When the Third Doctor meets an alien, he extends a lace-cuffed hand to it, insisting to those around him that we must treat it as an equal, no matter how weird it is, while at the same time winking at the audience at how absurd the encounter is. That condescension to the norms of the mainstream audience is exactly how Roger Moore’s James Bond might approach, for example, an exotic banquet.

These dualities in the character perhaps stem from the two men in charge of the show at this point: meat and potatoes genius storyteller Terrance Dicks (the script editor), always a man of the people, and pacifist, Buddhist, intellectual Barry Letts (the producer), always looking to liberalism. These old friends allowed Jon Pertwee, an actor who’d previously hidden everything about his own personality behind silly voices, to pick and choose what he wanted to be, from across the political and social spectrum. He thus encounters the cosmic and spiritual like a hippie lord who lets the travelers stay on his estate. When Sarah Jane Smith arrives, she’s consciously framed as a feminist (“women’s lib”) character, which he seems to think is only right, and, simultaneously, a bit much, really.

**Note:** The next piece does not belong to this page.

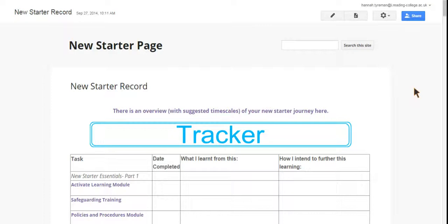If you feel you have received this page in error or if you are currently missing this page from your development record, please contact cpd at i.reading-college.ac.uk.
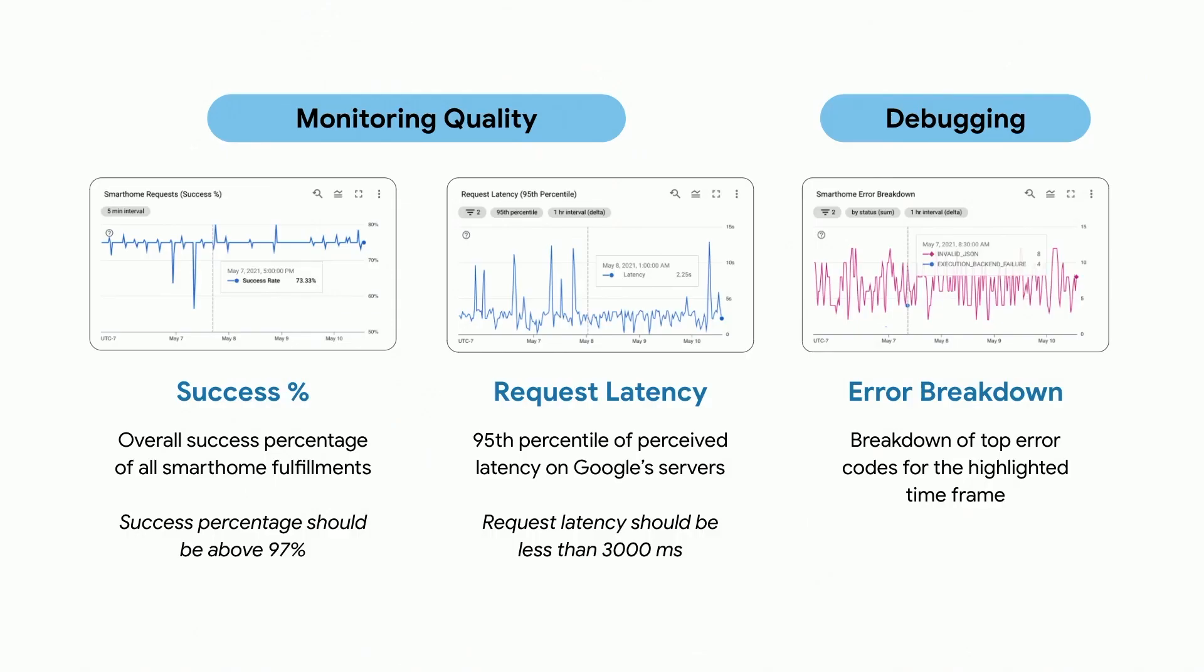From the charts we have seen in our dashboard, I think there are three key ones that can provide great insights for monitoring quality and debugging. Success percentage shows the overall success percentage of all smart home fulfillments.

Pertwee is a tremendous lead, convincing us, as all good Doctors have to, of the seriousness of everything around him, but always ready with a funny voice or (as Terrance Dicks insisted on), a “moment of charm.” The character gains the actor’s fondness for cars and tall stories. He’s the first Doctor for whom name dropping historical figures seems to be a game (and a social weapon) rather than just a statement of fact. He does in miniature what all Doctor Who does: reduces technobabble to a handful of magic phrases, delivered with a snap and verve that dares us to contradict him. He is the only Doctor to manifest the skills of “Venusian Aikido,” which generally involves him yelling “hai!,” striking poses, and sending stuntmen flying. After which he often apologises for the use of violence. He’s also one of a few Doctors who’ll grab a gun and shoot a monster dead. (No apologies for disintegrated Ogrons.) He is too dignified to run convincingly, but oh, he can saunter. He towers above the Daleks, who are not at their best in his era, and the actor has no interest in assigning added presence to them: he’s the star of this picture.

When it’s time for him to leave, the Third Doctor, wonderfully, enacts a Buddhist parable, as he faces his own fear, goes inside the mountain to confront the demons of ego, and stumbles out of a TARDIS which has found its way, gorgeously, to Earth, his former prison, which he now calls “home.” The regeneration is aided by your actual Buddhist sage/Time Lord. All this mystical stuff means that the Brigadier has to come on, rather like Graeme Chapman’s military man in Monty Python, to bring things literally down to Earth, and preserve the balance of this wonderful period in the show’s history, by muttering “here we go again.”

The next Doctor kept the enormous audience that this version of the show had gathered, kept the presence and authority, but thumbed his nose at the establishment and at Earth. Regeneration means that Doctor Who can always be right for its times. Jon Pertwee’s Third Doctor, in his time, was the zeitgeist.

Paul Cornell is a noted novelist, comic book writer, screenwriter, and all around clever gent, but Doctor Who fans will know him best as the writer of the Hugo-nominated new series episodes, “Father’s Day,” “Human Nature,” and “The Family of Blood.” More dedicated Who fans will also be familiar with Paul’s extensive bibliography with Big Finish and as the creator of popular spin-off companion Bernice Summerfield.